El 7 de agosto del año pasado, cuando la invasión israelí del Líbano alcanzaba su cenit, el barril de petróleo marcaba su máximo histórico, 78,6 dólares. En estos cinco meses, los mercados se han calmado y el precio del crudo ha disminuido 27 dólares (un descenso del 34,3%).
Al Gobierno tampoco le interesa que baje mucho el precio de los carburantes, ya que se lleva el 52% de lo que pagan los conductores
¿Por qué no se ha trasladado la misma bajada del petróleo a las gasolinas? Las asociaciones de consumidores aseguran no tener la respuesta, pero afirman que "cuando sube el crudo, repercute rápidamente en el surtidor.

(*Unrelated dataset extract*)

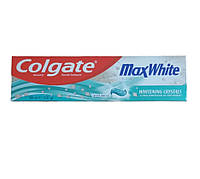 Зубная паста отбеливающая Colgate Max White 100 мл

Cuando baja, el usuario tarda más en notarlo".
Las compañías petroleras, por su parte, explican que las evoluciones del precio del crudo y del carburante no se pueden comparar, ya que "son dos mercados distintos".
Y ponen un ejemplo. Entre el 1 de enero y el 7 de agosto de 2006 (en plena invasión), el precio del barril de petróleo Brent, el de referencia en Europa, creció 17 dólares (un 28%). En ese mismo periodo, el litro de la sin plomo 95 sólo subió en España 14,5 céntimos (un 15%) y el litro de gasóleo A, ocho céntimos (un 8,6%). Es decir, los combustibles subieron menos que el petróleo.
Los gasolineros, víctimas
"Está claro que la materia prima, el petróleo, influye en el precio de los carburantes", explica Jose Antonio Torres, portavoz de la Confederación Española de Empresarios de Estaciones de Servicio (Ceees).
Los gasolineros aseguran que son tan víctimas como los consumidores. «En España hay tres petroleras, Repsol YPF, Cepsa y BP, que pactan e imponen los precios. No existe la libre competencia. Nosotros vendemos la gasolina al precio que nos dicen ellas», señala Torres.
En nuestro país hay 8.500 estaciones de servicio: 3.500 son de Repsol, 1.800 de Cepsa y unas 1.000 de BP, el 70% de todo el mercado.
"Al Gobierno tampoco le interesa que baje mucho el precio de los carburantes, ya que se lleva el 52% de lo que pagan los conductores. Las petroleras se llevan otro 42% y nosotros, sólo el 6%", concluye Torres.
Bueno para la inflación
La caída del precio de las gasolinas, sobre todo desde el verano (ya que en el primer semestre de 2006 subieron), ha permitido a la economía española afrontar con cierto desahogo uno de sus mayores lastres, la inflación. Los valores que rozaron el 4% en verano han acabado finalmente en un 2,7%. Gracias a este dato, España afronta con optimismo sus previsiones de crecimiento económico, un 3,7% para 2007.